Segment Start: DATA FOR THIS EXERCISE

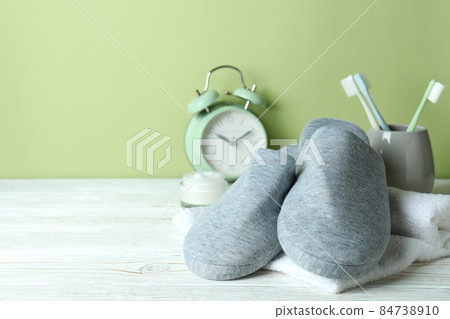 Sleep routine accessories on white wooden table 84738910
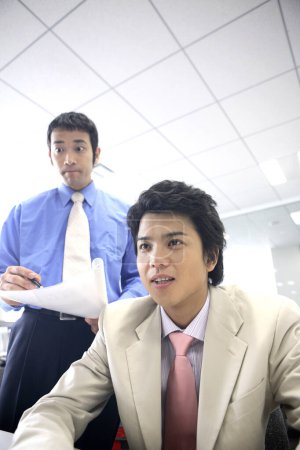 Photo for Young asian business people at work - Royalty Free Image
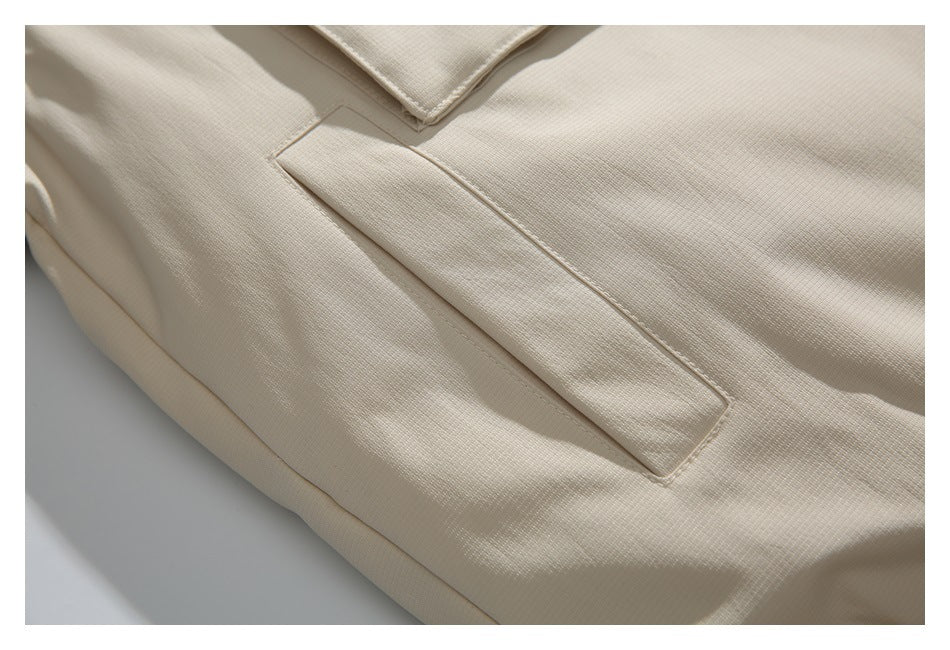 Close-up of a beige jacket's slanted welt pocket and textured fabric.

Segment End: DATA FOR THIS EXERCISE
Segment Start: DATA FOR THIS EXERCISE

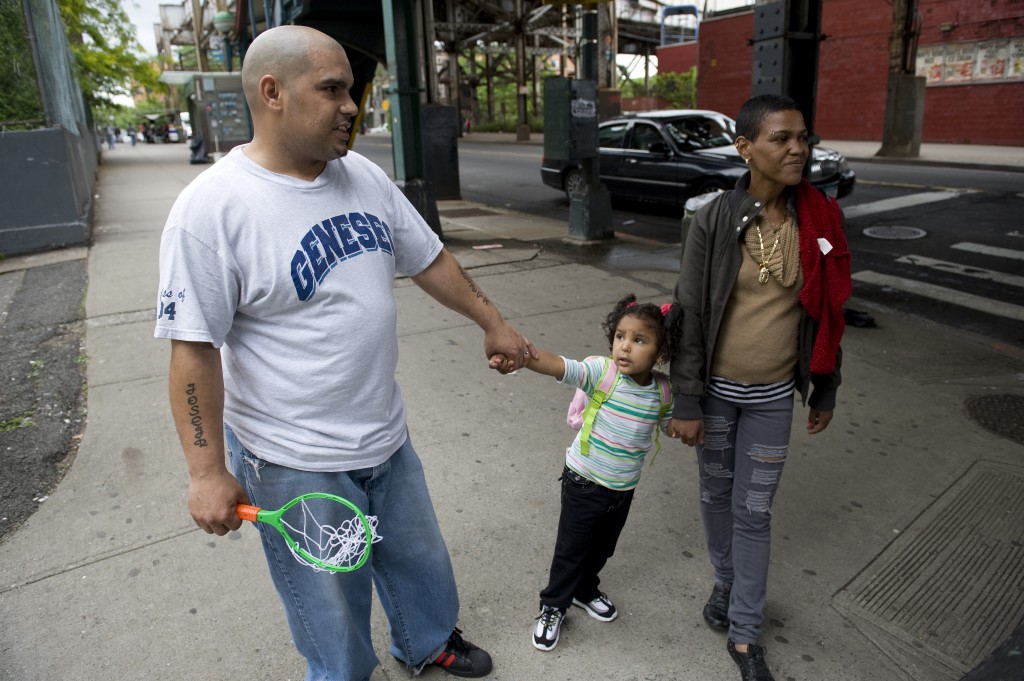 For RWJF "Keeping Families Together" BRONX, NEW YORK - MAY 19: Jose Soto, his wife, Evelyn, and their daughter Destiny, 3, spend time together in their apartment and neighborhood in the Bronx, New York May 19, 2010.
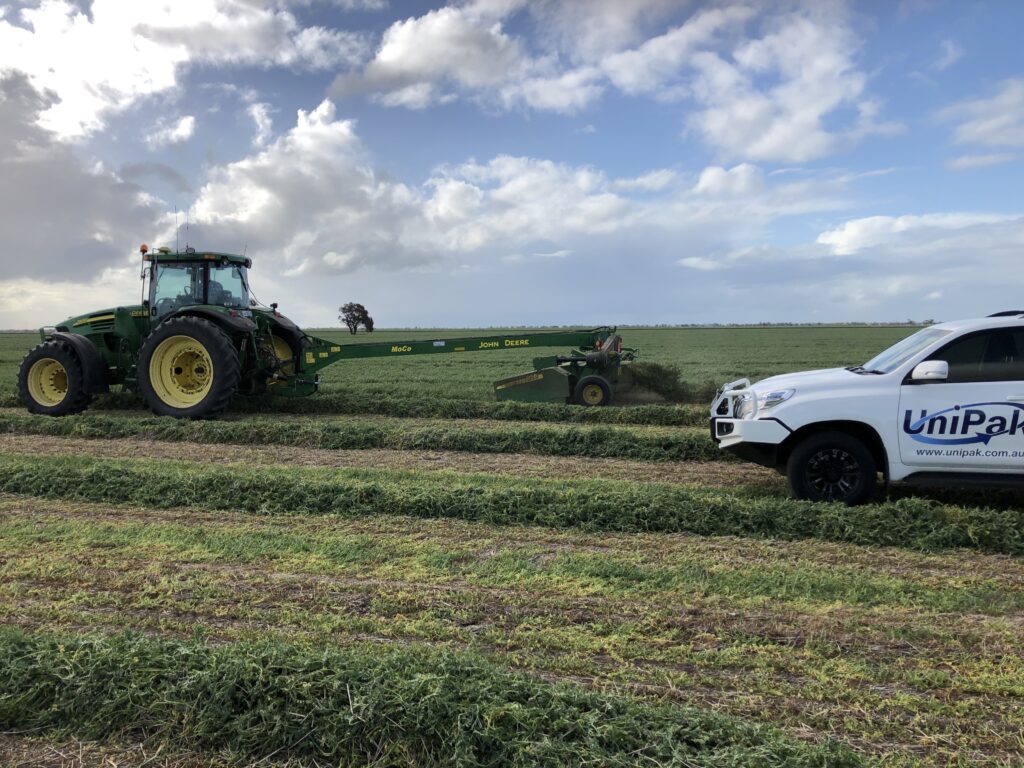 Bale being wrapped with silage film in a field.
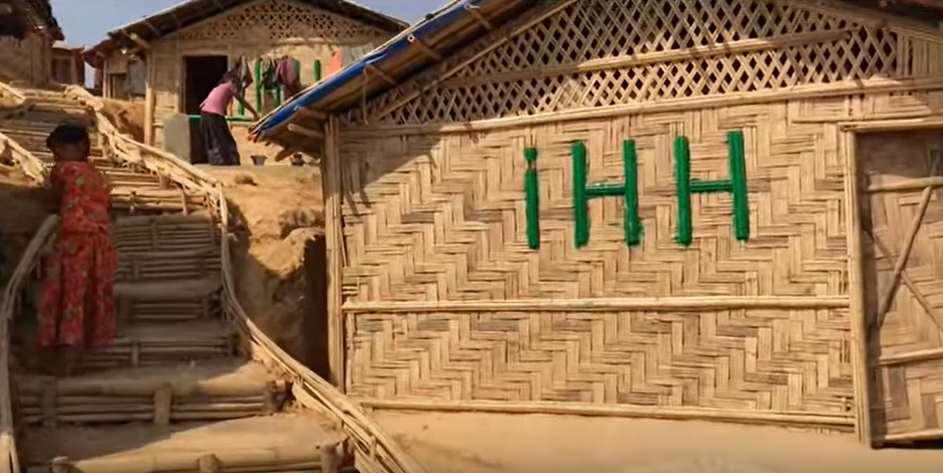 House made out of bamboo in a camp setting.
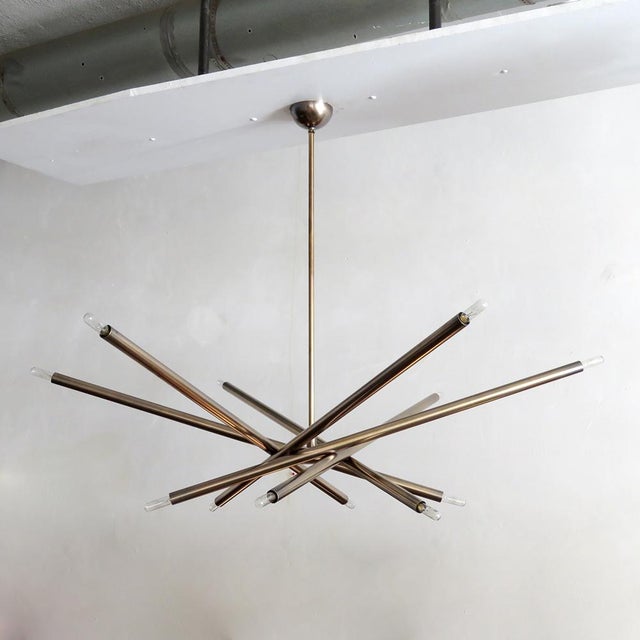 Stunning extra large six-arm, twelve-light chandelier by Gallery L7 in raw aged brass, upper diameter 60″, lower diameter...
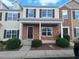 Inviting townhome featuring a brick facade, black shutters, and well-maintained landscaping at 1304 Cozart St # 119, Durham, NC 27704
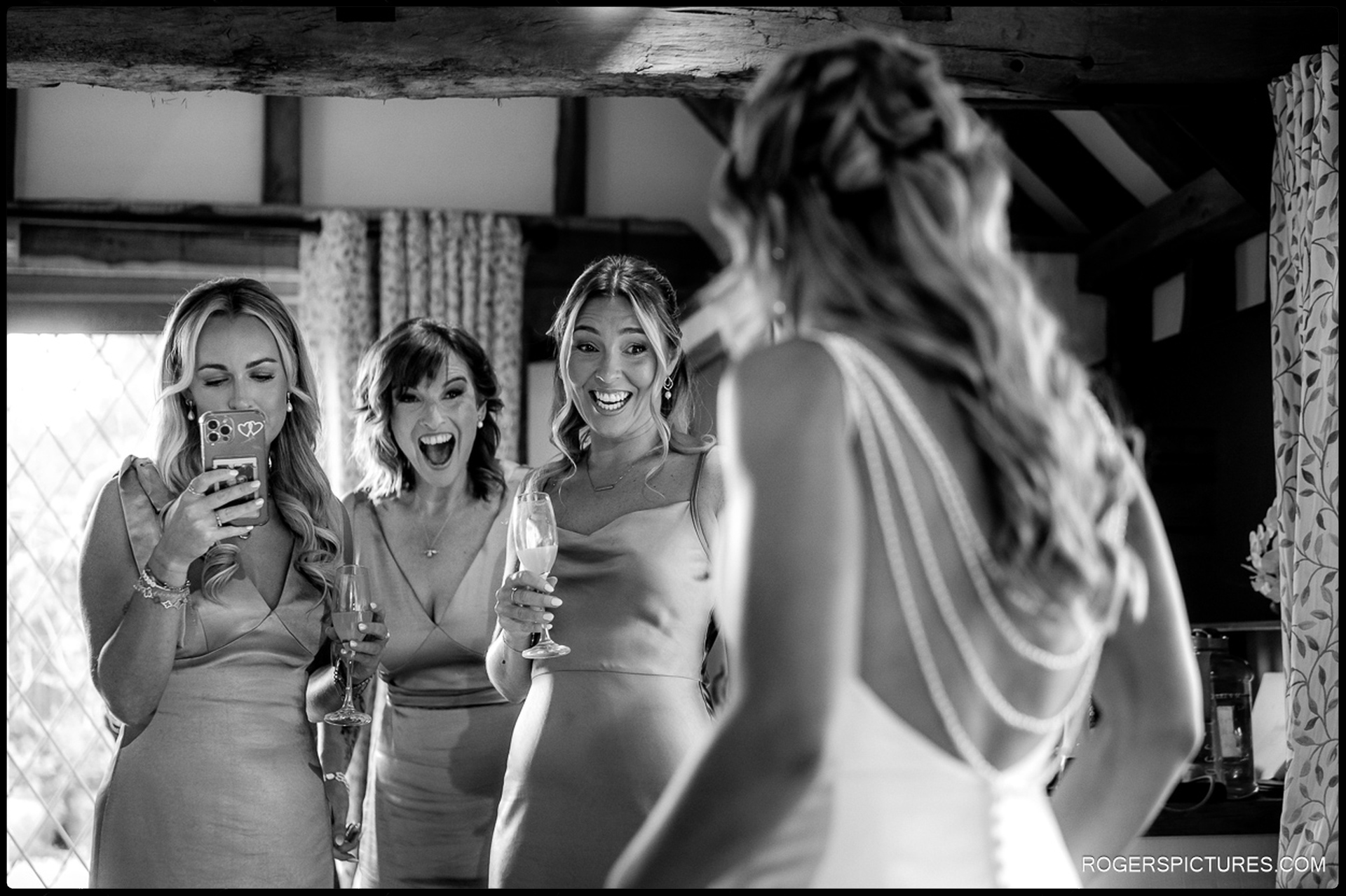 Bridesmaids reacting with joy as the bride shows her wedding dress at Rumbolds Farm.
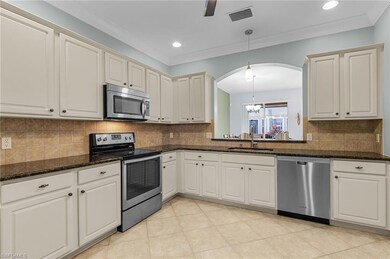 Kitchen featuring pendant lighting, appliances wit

Segment End: DATA FOR THIS EXERCISE

Leave the pictures out, and transcribe exactly the lines above starting at the one that contains "Photo for Young" and ending at the one that contains "Close-up of a".

 Photo for Young asian business people at work - Royalty Free Image
 Close-up of a beige jacket's slanted welt pocket and textured fabric.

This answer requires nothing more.